At this point, A should should try to establish a connection to S, as in case (1) above.

3.3. Leaf to Unshielded Leaf

Sometimes nodes will be ultrapeer-incapable but unable to find a ultrapeer. In this case, they behave exactly like old, unrouted Gnutella 0.4 connections.

Client Server
GNUTELLA CONNECT/0.6
X-Ultrapeer: False
 
  GNUTELLA/0.6 200 OK
X-Ultrapeer: False
GNUTELLA/0.6 200 OK  

The original ultrapeer proposal involved two TCP connections in this case. This version is much simpler. Note: the server response in this case will probably not include the "X-Ultrapeer: false" header, if the Server simply ignores or does not implement or comply with this Leaf/Ultrapeer protocol.

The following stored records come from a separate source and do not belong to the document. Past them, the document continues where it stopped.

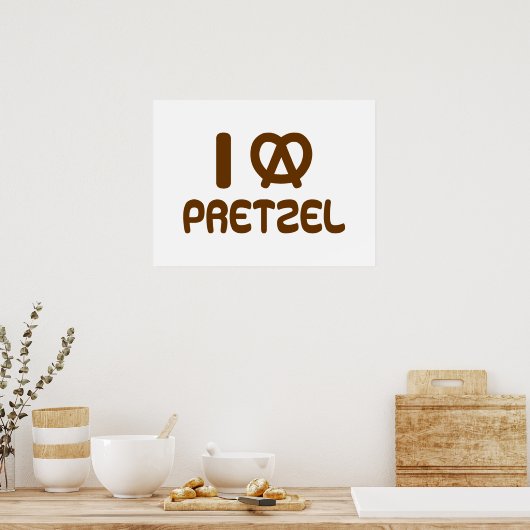 Ik hart Pretzel Poster (Keuken)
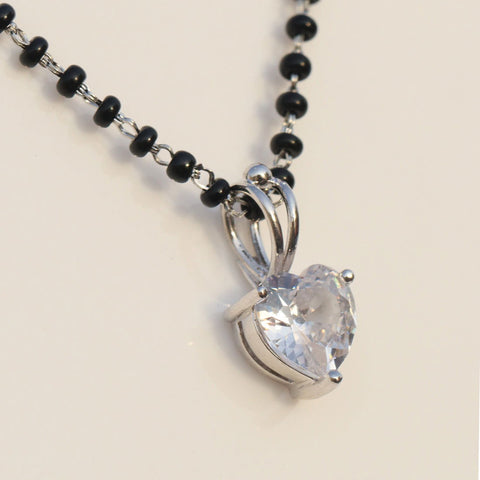Heart Solitaire Zirconia Mangalsutra. - KORE JEWELS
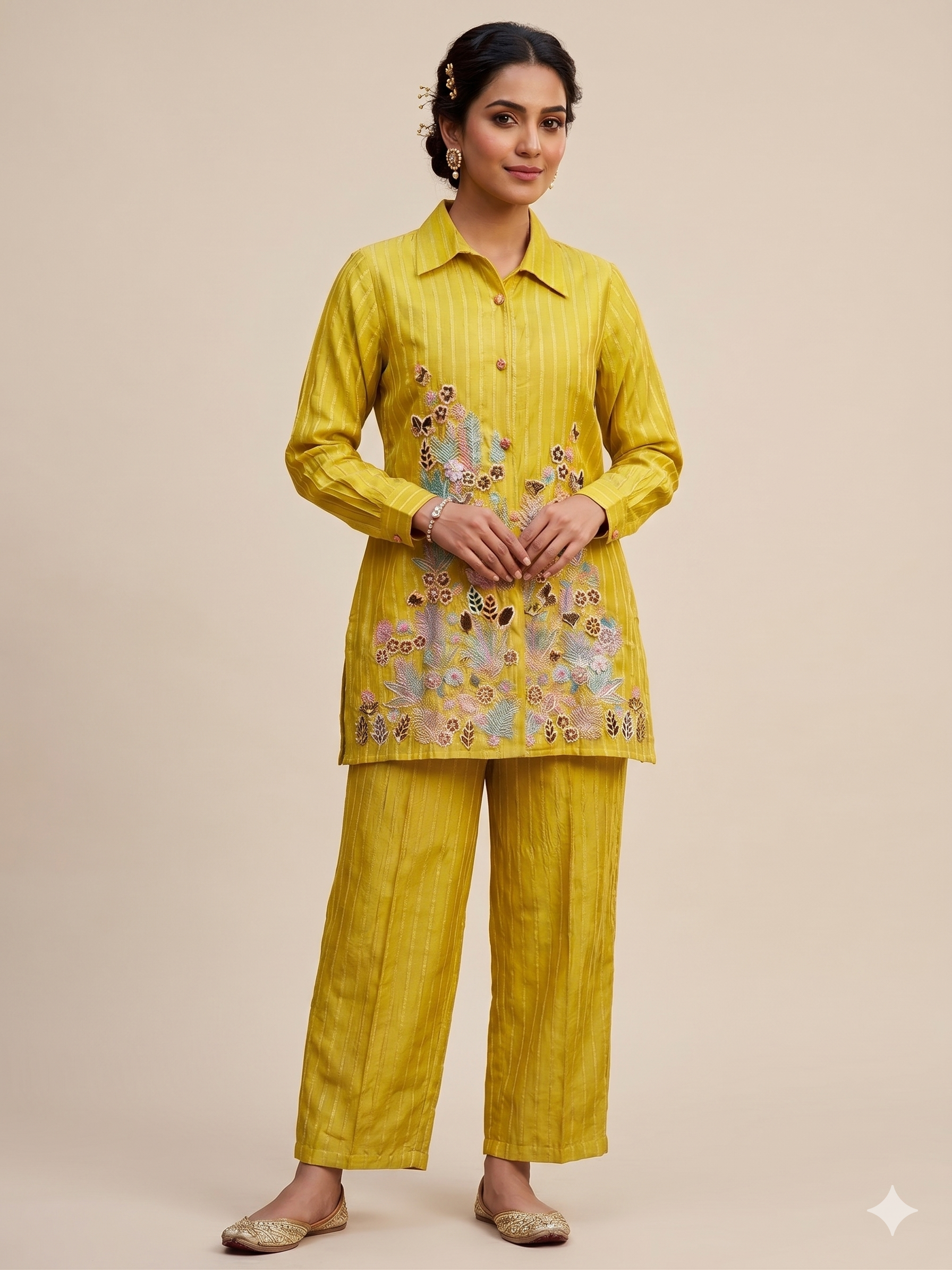 Stripe-Textured Meadow Fusion Co-ord Set Main image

3.4. Ultrapeer to Ultrapeer

When two ultrapeers meet, both set X-Ultrapeer true. If both have leaf nodes, they will remain ultrapeers after the interaction. Note that no QRP route table is sent between ultrapeers after the connection is established.

Client Server
GNUTELLA CONNECT/0.6
X-Ultrapeer: True
 
  GNUTELLA/0.6 200 OK
X-Ultrapeer: True
GNUTELLA/0.6 200 OK  

Note that the X-Ultrapeer-Needed header is ignored in this case. This is discussed in the next section.

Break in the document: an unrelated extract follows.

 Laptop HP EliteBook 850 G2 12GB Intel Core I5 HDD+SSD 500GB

3.5. Ultrapeer to Ultrapeer, with Leaf Guidance

Sometimes there will be too many ultrapeer-capable nodes on the network. Consider the case of an ultrapeer A connecting to an ultrapeer B. If B doesn’t have enough leaves, it may direct A to become a leaf node. If A has no leaf connections, it stops fetching new connections, drops any Gnutella 0.4 connections, and sends a QRP table to B. (If A has leaf connections, it obeys the guidance, as in the above case.) Then B will shield A from all traffic.

Client (A) Server (B)
GNUTELLA CONNECT/0.6
X-Ultrapeer: True
 
  GNUTELLA/0.6 200 OK
X-Ultrapeer: True
X-Ultrapeer-Needed: false
GNUTELLA/0.6 200 OK
X-Ultrapeer: False
 

4. Leaves with Multiple Ultrapeers

In the original version of this proposal, leaves only connected to a single ultrapeer. An initial implementation quickly showed a problem with this scheme; leaves connected to overloaded or malicious ultrapeers received no responses. A simple solution is for leaves to connect to k>1 ultrapeers, reducing the variance of the number of search results.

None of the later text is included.